There are two areas where the US and China need each other: the first is
in general political strategy, the second is about territorial control.
The issue of general politics is interesting to consider. Out of its
weakness and the impossibility of exercising force outside its borders,
China has developed a strategy of trying to coax states into siding with
it. The strategy has been largely successful in Central Asia, where
Kazakhstan no longer offers safe haven to Xinjiang separatists, and with
Turkey, which is no longer the
prime base for Uighur operations. The strategy involves long-term
planning, but it has been the basis for Chinese diplomacy in Central
Asia and it could be of great assistance for America and its likely
operations in Afghanistan. On the other hand, if they are not carefully
handled and organized, the US operations could smash this Chinese
diplomacy and expand the waves of terrorism into the heart of China.

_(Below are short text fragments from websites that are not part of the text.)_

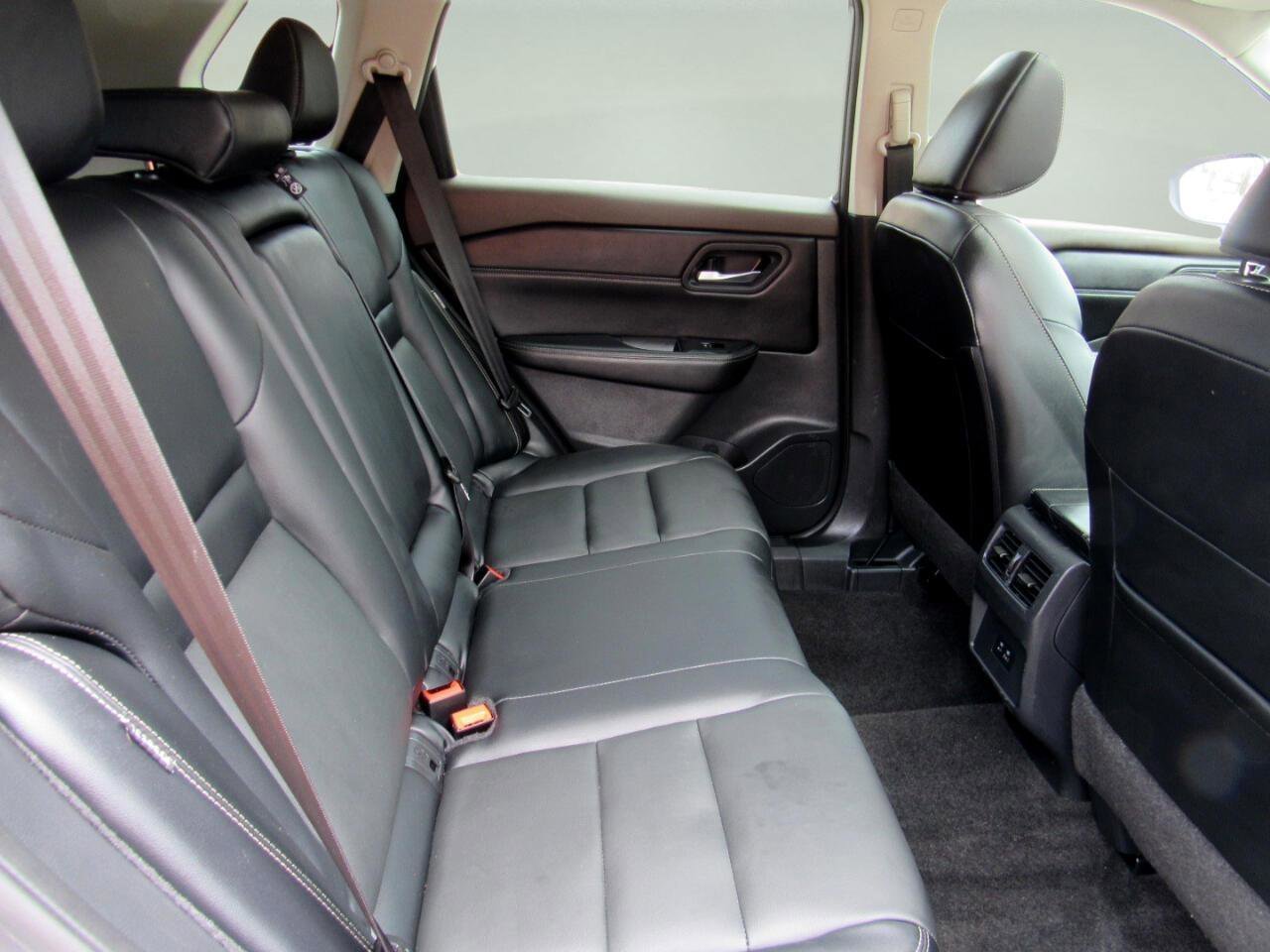 Used 2023 Nissan Rogue SL AWD/4WD image 36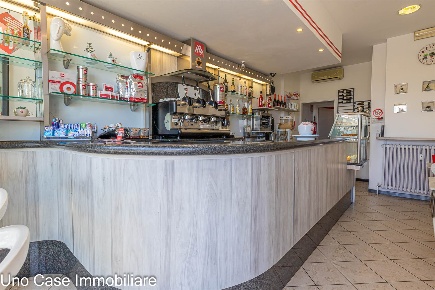 Foto Attività commerciale a Ivrea di 45 m² con 1 locali in vendita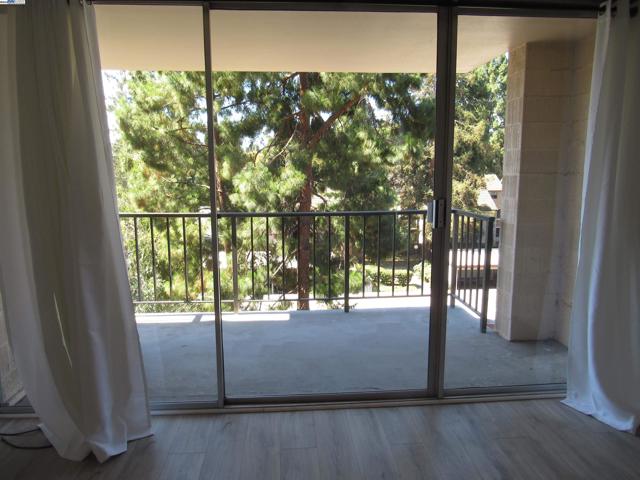 3909 Stevenson Blvd, Fremont CA: https://media.crmls.org/mediaz/0305a943-b592-4c41-9869-20b6deff6842.jpg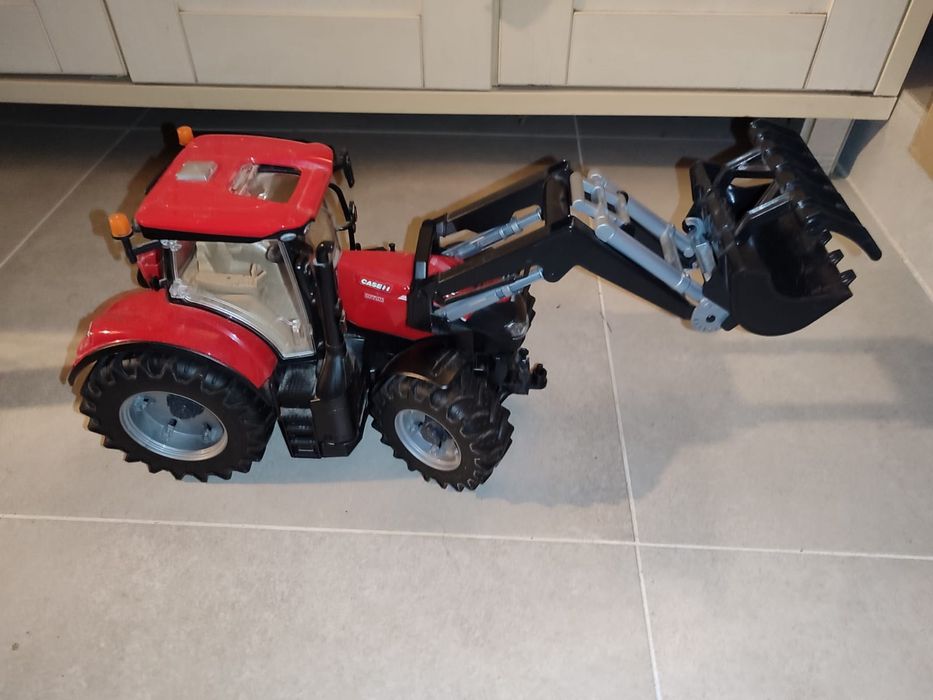 Traktor bruder case 300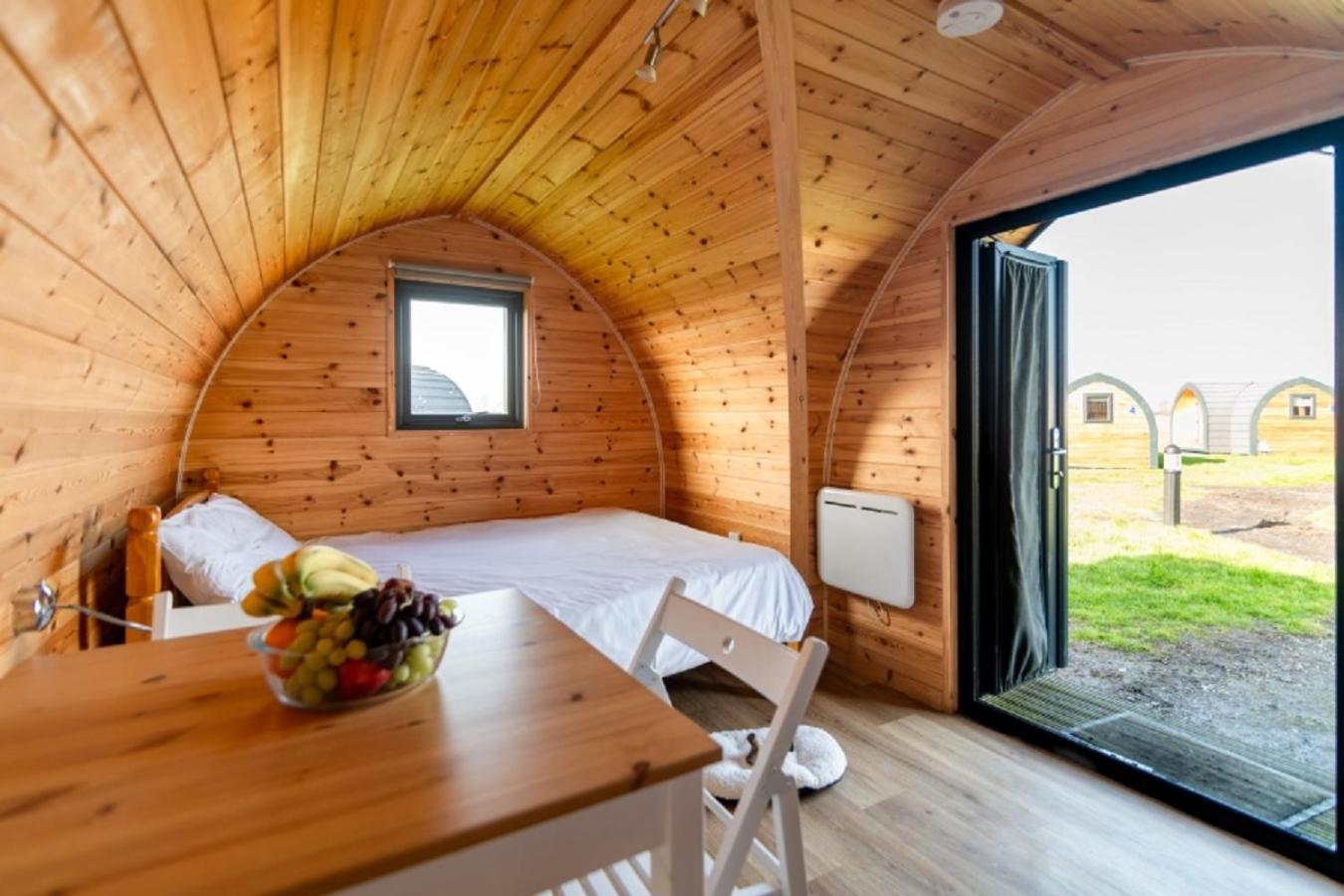 Camping Pods Trevella Holiday Park Crantock Ngoại thất bức ảnh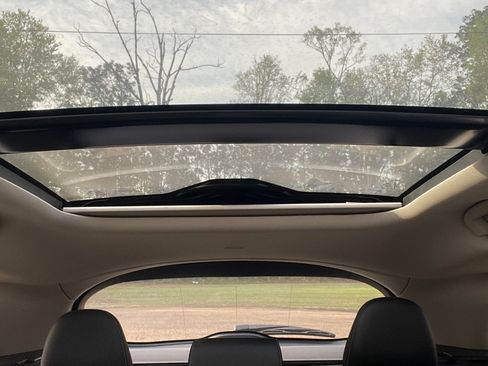 Used 2019 INFINITI QX50 Luxe w/ Navigation Package image 14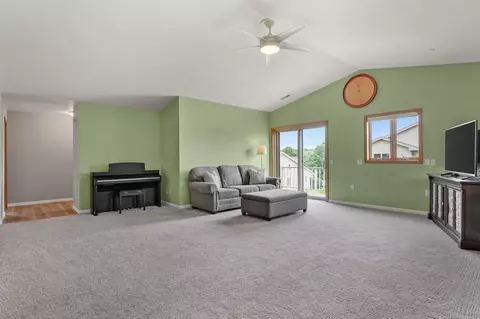626 Military Ridge Dr, Verona, WI 53593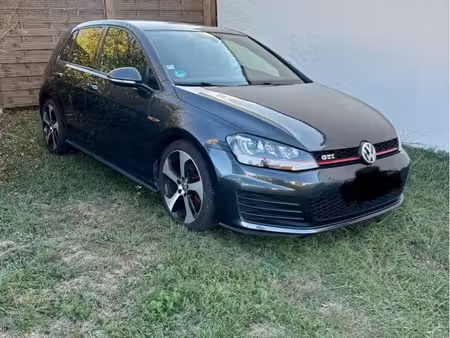 Volkswagen Golf GTI 2.0 TSI 230 Performance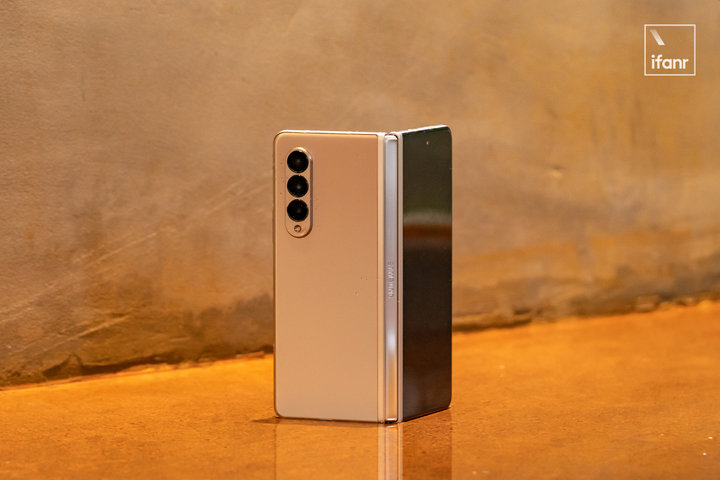 三星折叠屏zflip3使用技巧,三星折叠屏zflip3和华为p50p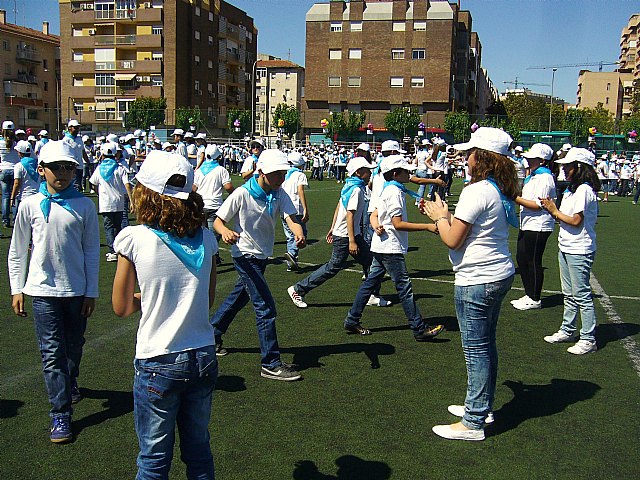 Alumnos del CEIP Santa Eulalia participaron en el IV Encuentro Regional de Danzas del Mundo - 32
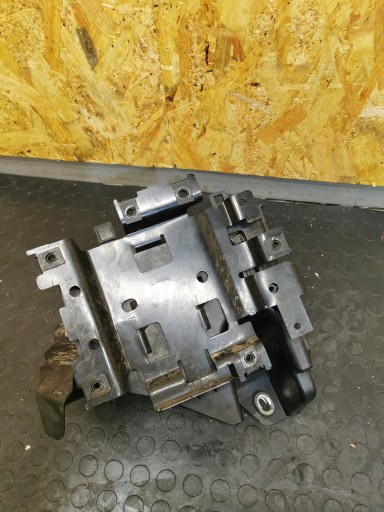 JEEP GRAND CHEROKEE WK2 КОРОБКА ЗАПОБІЖНИКІВ БАЗОВИЙ МОНТАЖ КОМП'ЮТЕР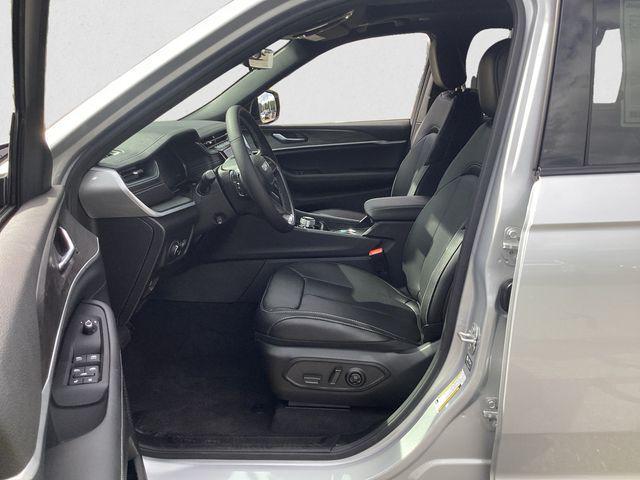 Photo of 2025 Silver Zynith Jeep Grand Cherokee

The issue of territorial control is linked to the political issue. The
US needs not only to smash bin Laden but also to re-establish some form
of state control in Afghanistan. It needs to make Afghanistan an
accountable state and get it moving on the road of development. For this
goal the US needs strong neighboring partners who can provide the
territorial basis for the transformation of Afghanistan and
also the economic muscle to push economic development in Central Asia.
For many reasons, Pakistan is the only neighboring country that could
provide support, but it, like the bordering ex-Soviet republics, does
not have the economic muscle to boost Afghani trade. But in both
Pakistan and these republics, China has established significant
influence. Therefore, for all practical purposes, the future control of
Afghanistan and the rebuilding of the state requires some kind of
cooperation with China. Without this, it will be impossible to establish
long-term control over the region.

The US intervention in Afghanistan is bound also to shake the balance in
Southeast Asia. Malaysia and Indonesia could be very sensitive to
operations that could take an anti-Islamic tinge. In this new picture,
the American partnership with Japan becomes less relevant than a
necessary new partnership with China, India, Russia and the Association
of Southeast Asian Nations. Here there could be a specific role for
Thailand as a bastion of stability in ASEAN and a bridge between China,
India and the US.  While cracking down on Afghanistan it is also
necessary to stifle other sources of terrorism and find political
solutions for simmering issues like Kashmir and Myammar.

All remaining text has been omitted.